§ Data to use:

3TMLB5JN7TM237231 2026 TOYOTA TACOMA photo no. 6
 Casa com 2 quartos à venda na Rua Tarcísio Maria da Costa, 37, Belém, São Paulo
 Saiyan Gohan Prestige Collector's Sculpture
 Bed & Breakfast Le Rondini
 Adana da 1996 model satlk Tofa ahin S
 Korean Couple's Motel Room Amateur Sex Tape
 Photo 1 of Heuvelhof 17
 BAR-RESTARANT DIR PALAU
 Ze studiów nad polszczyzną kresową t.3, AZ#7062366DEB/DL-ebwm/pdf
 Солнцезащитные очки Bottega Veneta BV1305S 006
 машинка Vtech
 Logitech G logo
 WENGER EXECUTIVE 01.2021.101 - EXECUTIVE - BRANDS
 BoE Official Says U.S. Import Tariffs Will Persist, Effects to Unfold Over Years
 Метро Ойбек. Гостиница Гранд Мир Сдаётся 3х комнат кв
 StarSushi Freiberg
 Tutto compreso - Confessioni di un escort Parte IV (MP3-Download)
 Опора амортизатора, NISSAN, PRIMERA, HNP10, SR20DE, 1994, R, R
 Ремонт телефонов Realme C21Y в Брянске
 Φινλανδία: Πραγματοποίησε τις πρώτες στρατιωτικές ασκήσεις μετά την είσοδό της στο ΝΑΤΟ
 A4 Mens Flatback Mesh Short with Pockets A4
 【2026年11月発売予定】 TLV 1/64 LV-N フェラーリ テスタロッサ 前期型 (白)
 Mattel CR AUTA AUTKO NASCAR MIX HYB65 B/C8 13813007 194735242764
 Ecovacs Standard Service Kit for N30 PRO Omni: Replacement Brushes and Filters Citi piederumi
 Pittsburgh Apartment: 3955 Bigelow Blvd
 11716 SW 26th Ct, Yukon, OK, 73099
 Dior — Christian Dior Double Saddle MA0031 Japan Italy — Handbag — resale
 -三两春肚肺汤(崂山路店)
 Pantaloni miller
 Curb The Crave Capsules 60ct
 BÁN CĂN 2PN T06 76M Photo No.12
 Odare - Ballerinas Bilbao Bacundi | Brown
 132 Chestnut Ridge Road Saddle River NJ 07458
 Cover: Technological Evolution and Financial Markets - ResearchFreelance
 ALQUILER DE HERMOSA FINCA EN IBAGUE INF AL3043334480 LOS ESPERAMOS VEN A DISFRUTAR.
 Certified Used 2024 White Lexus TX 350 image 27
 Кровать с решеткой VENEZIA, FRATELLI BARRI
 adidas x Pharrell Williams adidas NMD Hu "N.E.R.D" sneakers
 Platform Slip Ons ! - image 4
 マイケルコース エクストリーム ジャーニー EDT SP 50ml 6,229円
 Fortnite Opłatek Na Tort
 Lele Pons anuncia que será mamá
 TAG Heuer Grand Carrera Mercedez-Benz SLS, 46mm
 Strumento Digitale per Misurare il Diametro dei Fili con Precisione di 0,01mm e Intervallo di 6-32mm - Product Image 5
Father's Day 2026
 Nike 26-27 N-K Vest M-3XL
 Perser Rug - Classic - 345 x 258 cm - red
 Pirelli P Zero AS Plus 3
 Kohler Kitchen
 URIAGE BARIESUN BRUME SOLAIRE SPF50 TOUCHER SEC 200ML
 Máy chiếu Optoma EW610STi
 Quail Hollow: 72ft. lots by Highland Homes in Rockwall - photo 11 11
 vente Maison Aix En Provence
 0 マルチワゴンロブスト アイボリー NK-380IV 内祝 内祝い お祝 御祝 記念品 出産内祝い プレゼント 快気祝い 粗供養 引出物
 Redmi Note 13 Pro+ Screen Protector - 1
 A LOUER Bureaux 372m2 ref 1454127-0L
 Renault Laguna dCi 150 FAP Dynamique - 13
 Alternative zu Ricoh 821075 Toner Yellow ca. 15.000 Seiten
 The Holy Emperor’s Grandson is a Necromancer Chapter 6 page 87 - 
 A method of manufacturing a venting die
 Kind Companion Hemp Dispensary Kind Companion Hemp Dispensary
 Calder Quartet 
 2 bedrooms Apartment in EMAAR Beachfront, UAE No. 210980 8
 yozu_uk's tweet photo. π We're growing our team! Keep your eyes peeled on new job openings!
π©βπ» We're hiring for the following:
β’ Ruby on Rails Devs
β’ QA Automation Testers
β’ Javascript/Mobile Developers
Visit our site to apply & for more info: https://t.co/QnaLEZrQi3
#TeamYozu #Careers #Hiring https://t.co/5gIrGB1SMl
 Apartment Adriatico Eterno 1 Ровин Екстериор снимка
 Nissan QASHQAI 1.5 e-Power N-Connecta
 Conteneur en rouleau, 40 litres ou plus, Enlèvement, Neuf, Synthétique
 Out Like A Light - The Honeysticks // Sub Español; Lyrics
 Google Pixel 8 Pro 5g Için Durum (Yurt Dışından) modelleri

§ Description of the task: Every entry must be retyped in full, exactly as given.

§ Result:
3TMLB5JN7TM237231 2026 TOYOTA TACOMA photo no. 6
 Casa com 2 quartos à venda na Rua Tarcísio Maria da Costa, 37, Belém, São Paulo
 Saiyan Gohan Prestige Collector's Sculpture
 Bed & Breakfast Le Rondini
 Adana da 1996 model satlk Tofa ahin S
 Korean Couple's Motel Room Amateur Sex Tape
 Photo 1 of Heuvelhof 17
 BAR-RESTARANT DIR PALAU
 Ze studiów nad polszczyzną kresową t.3, AZ#7062366DEB/DL-ebwm/pdf
 Солнцезащитные очки Bottega Veneta BV1305S 006
 машинка Vtech
 Logitech G logo
 WENGER EXECUTIVE 01.2021.101 - EXECUTIVE - BRANDS
 BoE Official Says U.S. Import Tariffs Will Persist, Effects to Unfold Over Years
 Метро Ойбек. Гостиница Гранд Мир Сдаётся 3х комнат кв
 StarSushi Freiberg
 Tutto compreso - Confessioni di un escort Parte IV (MP3-Download)
 Опора амортизатора, NISSAN, PRIMERA, HNP10, SR20DE, 1994, R, R
 Ремонт телефонов Realme C21Y в Брянске
 Φινλανδία: Πραγματοποίησε τις πρώτες στρατιωτικές ασκήσεις μετά την είσοδό της στο ΝΑΤΟ
 A4 Mens Flatback Mesh Short with Pockets A4
 【2026年11月発売予定】 TLV 1/64 LV-N フェラーリ テスタロッサ 前期型 (白)
 Mattel CR AUTA AUTKO NASCAR MIX HYB65 B/C8 13813007 194735242764
 Ecovacs Standard Service Kit for N30 PRO Omni: Replacement Brushes and Filters Citi piederumi
 Pittsburgh Apartment: 3955 Bigelow Blvd
 11716 SW 26th Ct, Yukon, OK, 73099
 Dior — Christian Dior Double Saddle MA0031 Japan Italy — Handbag — resale
 -三两春肚肺汤(崂山路店)
 Pantaloni miller
 Curb The Crave Capsules 60ct
 BÁN CĂN 2PN T06 76M Photo No.12
 Odare - Ballerinas Bilbao Bacundi | Brown
 132 Chestnut Ridge Road Saddle River NJ 07458
 Cover: Technological Evolution and Financial Markets - ResearchFreelance
 ALQUILER DE HERMOSA FINCA EN IBAGUE INF AL3043334480 LOS ESPERAMOS VEN A DISFRUTAR.
 Certified Used 2024 White Lexus TX 350 image 27
 Кровать с решеткой VENEZIA, FRATELLI BARRI
 adidas x Pharrell Williams adidas NMD Hu "N.E.R.D" sneakers
 Platform Slip Ons ! - image 4
 マイケルコース エクストリーム ジャーニー EDT SP 50ml 6,229円
 Fortnite Opłatek Na Tort
 Lele Pons anuncia que será mamá
 TAG Heuer Grand Carrera Mercedez-Benz SLS, 46mm
 Strumento Digitale per Misurare il Diametro dei Fili con Precisione di 0,01mm e Intervallo di 6-32mm - Product Image 5
Father's Day 2026
 Nike 26-27 N-K Vest M-3XL
 Perser Rug - Classic - 345 x 258 cm - red
 Pirelli P Zero AS Plus 3
 Kohler Kitchen
 URIAGE BARIESUN BRUME SOLAIRE SPF50 TOUCHER SEC 200ML
 Máy chiếu Optoma EW610STi
 Quail Hollow: 72ft. lots by Highland Homes in Rockwall - photo 11 11
 vente Maison Aix En Provence
 0 マルチワゴンロブスト アイボリー NK-380IV 内祝 内祝い お祝 御祝 記念品 出産内祝い プレゼント 快気祝い 粗供養 引出物
 Redmi Note 13 Pro+ Screen Protector - 1
 A LOUER Bureaux 372m2 ref 1454127-0L
 Renault Laguna dCi 150 FAP Dynamique - 13
 Alternative zu Ricoh 821075 Toner Yellow ca. 15.000 Seiten
 The Holy Emperor’s Grandson is a Necromancer Chapter 6 page 87 - 
 A method of manufacturing a venting die
 Kind Companion Hemp Dispensary Kind Companion Hemp Dispensary
 Calder Quartet 
 2 bedrooms Apartment in EMAAR Beachfront, UAE No. 210980 8
 yozu_uk's tweet photo. π We're growing our team! Keep your eyes peeled on new job openings!
π©βπ» We're hiring for the following:
β’ Ruby on Rails Devs
β’ QA Automation Testers
β’ Javascript/Mobile Developers
Visit our site to apply & for more info: https://t.co/QnaLEZrQi3
#TeamYozu #Careers #Hiring https://t.co/5gIrGB1SMl
 Apartment Adriatico Eterno 1 Ровин Екстериор снимка
 Nissan QASHQAI 1.5 e-Power N-Connecta
 Conteneur en rouleau, 40 litres ou plus, Enlèvement, Neuf, Synthétique
 Out Like A Light - The Honeysticks // Sub Español; Lyrics
 Google Pixel 8 Pro 5g Için Durum (Yurt Dışından) modelleri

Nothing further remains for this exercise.